Please state how many lines in the records below contain the word "human"; the answer should be a number and nothing else.

◆ **TASK DATA**:
● ● ● ●
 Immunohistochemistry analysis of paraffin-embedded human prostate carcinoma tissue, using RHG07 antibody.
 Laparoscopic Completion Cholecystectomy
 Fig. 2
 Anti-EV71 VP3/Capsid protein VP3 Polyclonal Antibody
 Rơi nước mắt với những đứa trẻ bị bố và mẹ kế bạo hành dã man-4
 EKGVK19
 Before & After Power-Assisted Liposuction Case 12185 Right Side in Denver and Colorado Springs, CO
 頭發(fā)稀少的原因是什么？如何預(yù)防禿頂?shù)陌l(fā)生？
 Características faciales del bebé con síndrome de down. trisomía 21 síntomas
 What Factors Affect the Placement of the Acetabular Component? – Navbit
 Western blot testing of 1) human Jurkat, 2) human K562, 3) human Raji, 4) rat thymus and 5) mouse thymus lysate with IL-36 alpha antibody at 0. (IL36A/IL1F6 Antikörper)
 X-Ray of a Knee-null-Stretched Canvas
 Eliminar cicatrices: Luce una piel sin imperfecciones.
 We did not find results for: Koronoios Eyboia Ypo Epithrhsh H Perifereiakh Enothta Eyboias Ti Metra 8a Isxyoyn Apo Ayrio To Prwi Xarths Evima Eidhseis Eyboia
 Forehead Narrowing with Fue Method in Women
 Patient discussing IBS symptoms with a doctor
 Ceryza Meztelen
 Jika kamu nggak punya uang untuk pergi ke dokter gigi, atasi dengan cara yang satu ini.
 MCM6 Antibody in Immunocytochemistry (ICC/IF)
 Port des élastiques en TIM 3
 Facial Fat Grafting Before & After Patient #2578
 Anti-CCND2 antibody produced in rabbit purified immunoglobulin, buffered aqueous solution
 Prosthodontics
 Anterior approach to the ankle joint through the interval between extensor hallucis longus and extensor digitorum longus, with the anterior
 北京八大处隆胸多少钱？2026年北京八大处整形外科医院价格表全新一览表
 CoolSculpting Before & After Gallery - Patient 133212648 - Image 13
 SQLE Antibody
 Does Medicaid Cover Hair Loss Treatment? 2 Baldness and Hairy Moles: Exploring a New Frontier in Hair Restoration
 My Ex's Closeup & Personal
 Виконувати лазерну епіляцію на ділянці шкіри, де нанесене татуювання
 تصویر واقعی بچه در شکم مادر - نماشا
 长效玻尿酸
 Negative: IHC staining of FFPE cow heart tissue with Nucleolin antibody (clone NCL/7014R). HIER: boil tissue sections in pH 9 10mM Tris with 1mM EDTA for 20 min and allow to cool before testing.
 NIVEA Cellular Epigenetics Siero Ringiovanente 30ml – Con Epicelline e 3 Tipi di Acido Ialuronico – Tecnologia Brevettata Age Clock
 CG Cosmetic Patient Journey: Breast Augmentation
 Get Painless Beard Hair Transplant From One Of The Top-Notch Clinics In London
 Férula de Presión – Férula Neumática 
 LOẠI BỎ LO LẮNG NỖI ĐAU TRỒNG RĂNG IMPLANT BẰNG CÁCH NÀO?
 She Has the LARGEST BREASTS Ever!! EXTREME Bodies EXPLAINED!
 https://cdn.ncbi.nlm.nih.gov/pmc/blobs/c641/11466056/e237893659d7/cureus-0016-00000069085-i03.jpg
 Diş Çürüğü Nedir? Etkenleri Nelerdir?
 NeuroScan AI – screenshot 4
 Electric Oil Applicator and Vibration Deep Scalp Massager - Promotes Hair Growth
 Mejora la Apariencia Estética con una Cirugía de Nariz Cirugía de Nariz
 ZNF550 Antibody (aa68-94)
● ● ● ●
◆ **RESULT OF THIS EXERCISE**: 2